Le Conseil de l’Entente, l’UEMOA, la Cédéao ancrent le Burkina Faso dans des institutions dominées, aujourd’hui, par la Côte d’Ivoire. Ce qui n’est pas en soi la pire des choses pour Ouaga. La Cen-Sad lui permet cependant un positionnement régional différent au sein de la région, là où les tentatives majeures de déstabilisation sont les plus à craindre. Et alors que chacun est désormais convaincu qu’il faut passer aux choses sérieuses. La rébellion touarègue qui mine les fondements du régime malien est une situation à risque pour tous les pays desservis par le « corridor sahélo-saharien ». Bien plus que les actions « terroristes » menées par AQMI.

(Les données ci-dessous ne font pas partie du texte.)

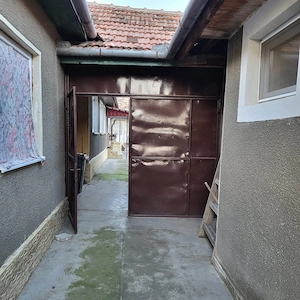 Vând casa în Ineu județul Arad. - imagine 2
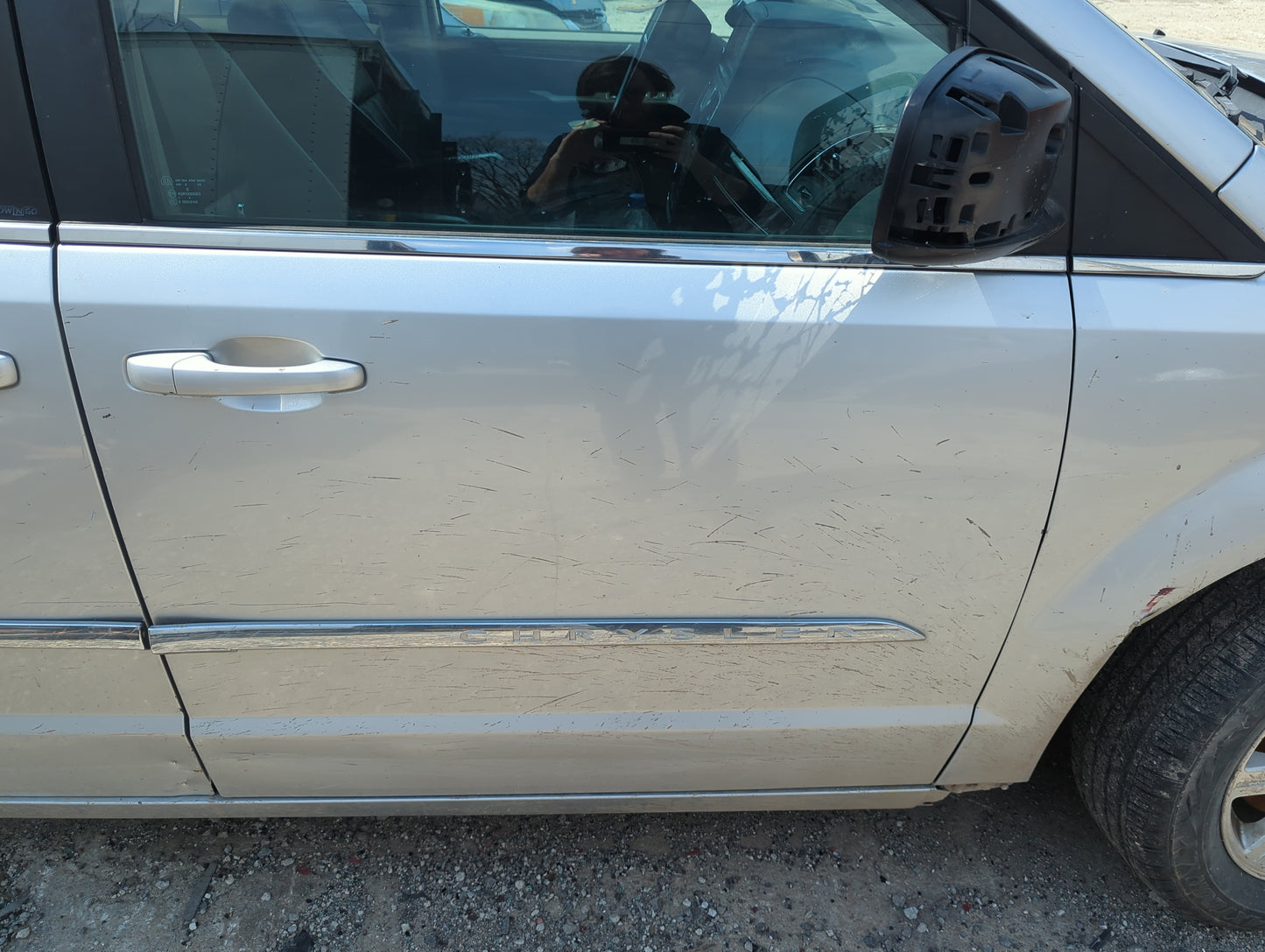 2008-2016 Chrysler Town & Country Passenger Front Door Oem - Oemusedautoparts1.com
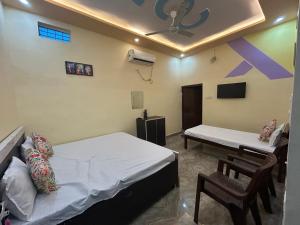 ATULYAM STAYs VRINDAVAN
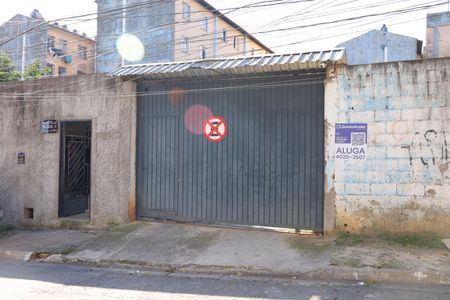 Apartamento para alugar com 60m², 2 quartos e 1 vagaPlaca instalada na fachada do condomínio - Código da placa: YIXW-1471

La presse burkinabè, à tort d’ailleurs (cela évoque les stigmatisations des Peuls par Alpha Condé en Guinée), évoque une « internationale touarègue ». Ce qui laisserait penser qu’il y a un centre unique de décision et que l’ensemble de la communauté se plie à ces décisions. Mais nul ne peut nier que la zone d’influence des Touareg est à géométrie variable, géographiquement et socialement, et que toute action de répression contre la communauté ne peut que susciter une levée de boucliers des confins de la Mauritanie jusqu’à ceux du Niger. Or, cette rébellion touarègue se trouve aujourd’hui dans une situation bien plus propice à la guerre qu’elle ne l’était par le passé : renfort d’hommes aguerris, approvisionnement en armes lourdes depuis les stocks libyens, moyens logistiques renforcés, etc. Il y a surtout qu’ayant perdu son sponsor libyen, la rébellion doit s’organiser et se structurer (si tant est que ce mot ait une signification pour un peuple où « l’anarchisme » est érigé en valeur ancestrale, anarchisme tout relatif d’ailleurs) si elle veut survivre. La Libye n’était pas un sanctuaire pour les Touareg (loin de là d’ailleurs), mais elle était une structure d’accueil où ils trouvaient « le vivre et le couvert ».

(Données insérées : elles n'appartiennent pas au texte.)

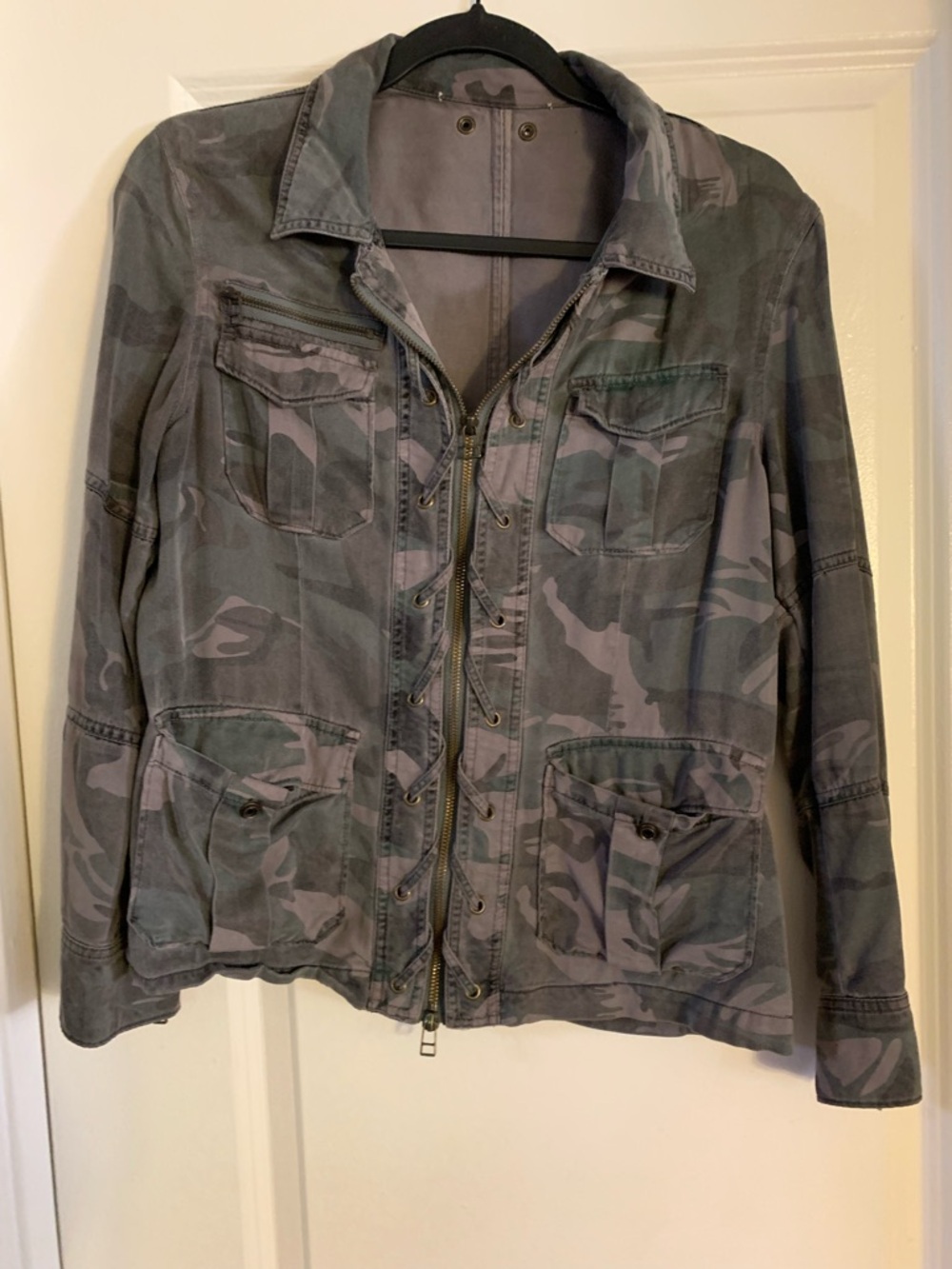 Camo Utility Jacket - Women's Gray Camouflage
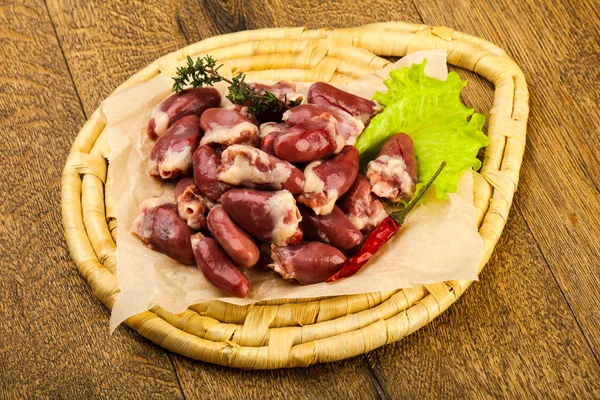 Cuori Pollo Crudo Mucchio Con Ramo Timo — Foto Stock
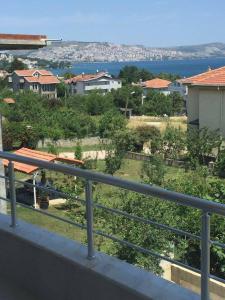 balcón con vistas a la ciudad y al agua en Yasar Apart en Sinope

Il n’a pas fallu longtemps pour que le régime malien soit mis en difficulté par la rébellion touarègue. Il ne faudrait pas longtemps pour que le Niger éprouve à son tour les mêmes difficultés. Des « rébellions » qui pourraient trouver des alliés un peu partout, de la Mauritanie au Tchad, sans oublier les « zones grises » qui, de la Guinée Bissau au Nigeria, trouveraient leur compte à devenir des « zones d’ombre » ou même des « zones noires ». Très noires même. C’est pourquoi Zakané prône une vision régionale globale de l’éradication de cette insécurité, toute démarche bilatérale ayant pour résultat de repousser le pion de la rébellion touarègue un peu plus loin, sans jamais résoudre le problème.

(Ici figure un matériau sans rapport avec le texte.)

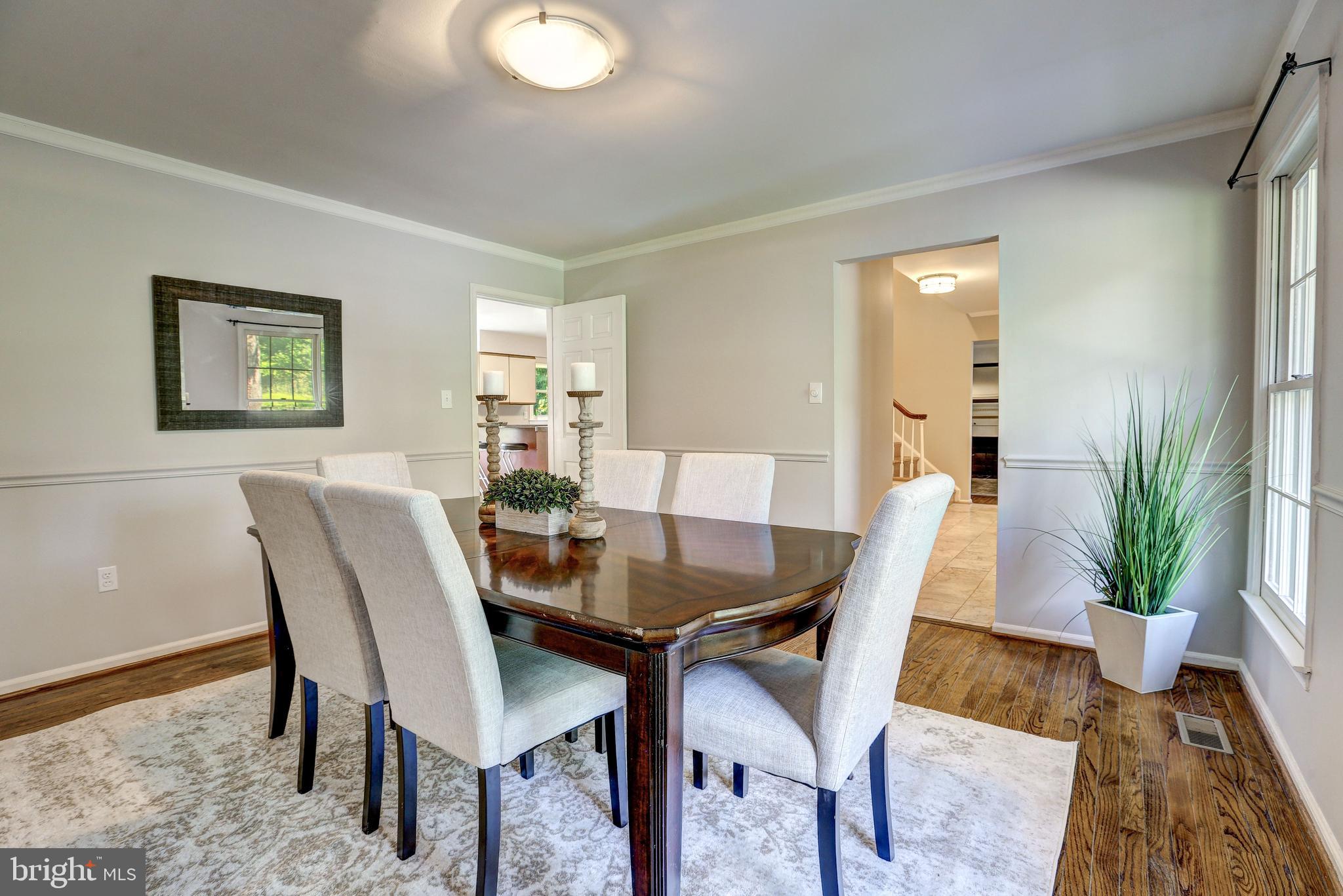 8552 Brickyard Road Potomac, MD 20854 - Photo 11 of 33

Or, le problème c’est, aussi, celui du développement de ce « corridor sahélo-saharien ». Et, là encore, il ne peut y avoir de démarche nationale satisfaisante et seule une conception régionale de ce développement a des chances d’aboutir à un résultat tangible. Reste à financer ce développement. La manne que Kadhafi déversait sans compter sur la Cen-Sad (pour sa plus « grande gloire » mais pas pour son développement) est tarie. Et les Etats de la région sont parmi les plus pauvres du continent. D’où la nécessité de faire de cette institution une structure opérationnelle afin de convaincre les bailleurs de fonds de s’y intéresser. Ce n’est pas gagné même si chacun est convaincu qu’il y a urgence à le faire.